Caption-style text data:
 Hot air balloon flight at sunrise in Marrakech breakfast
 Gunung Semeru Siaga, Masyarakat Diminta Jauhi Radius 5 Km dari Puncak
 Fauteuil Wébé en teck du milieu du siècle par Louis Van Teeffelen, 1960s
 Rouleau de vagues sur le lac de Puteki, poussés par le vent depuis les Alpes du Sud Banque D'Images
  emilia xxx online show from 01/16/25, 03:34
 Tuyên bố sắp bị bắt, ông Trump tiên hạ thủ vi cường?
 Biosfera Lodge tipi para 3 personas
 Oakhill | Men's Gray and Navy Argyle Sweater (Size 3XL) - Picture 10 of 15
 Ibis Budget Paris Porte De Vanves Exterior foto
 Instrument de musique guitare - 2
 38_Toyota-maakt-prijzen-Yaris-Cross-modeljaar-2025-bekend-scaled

> **Problem details**
Which lines above run from the one containing "Gunung Semeru Siaga, Masyarakat" down to the one containing "Ibis Budget Paris"? Repeat exactly those, both ends included, and nothing else.

> **Task response**
 Gunung Semeru Siaga, Masyarakat Diminta Jauhi Radius 5 Km dari Puncak
 Fauteuil Wébé en teck du milieu du siècle par Louis Van Teeffelen, 1960s
 Rouleau de vagues sur le lac de Puteki, poussés par le vent depuis les Alpes du Sud Banque D'Images
  emilia xxx online show from 01/16/25, 03:34
 Tuyên bố sắp bị bắt, ông Trump tiên hạ thủ vi cường?
 Biosfera Lodge tipi para 3 personas
 Oakhill | Men's Gray and Navy Argyle Sweater (Size 3XL) - Picture 10 of 15
 Ibis Budget Paris Porte De Vanves Exterior foto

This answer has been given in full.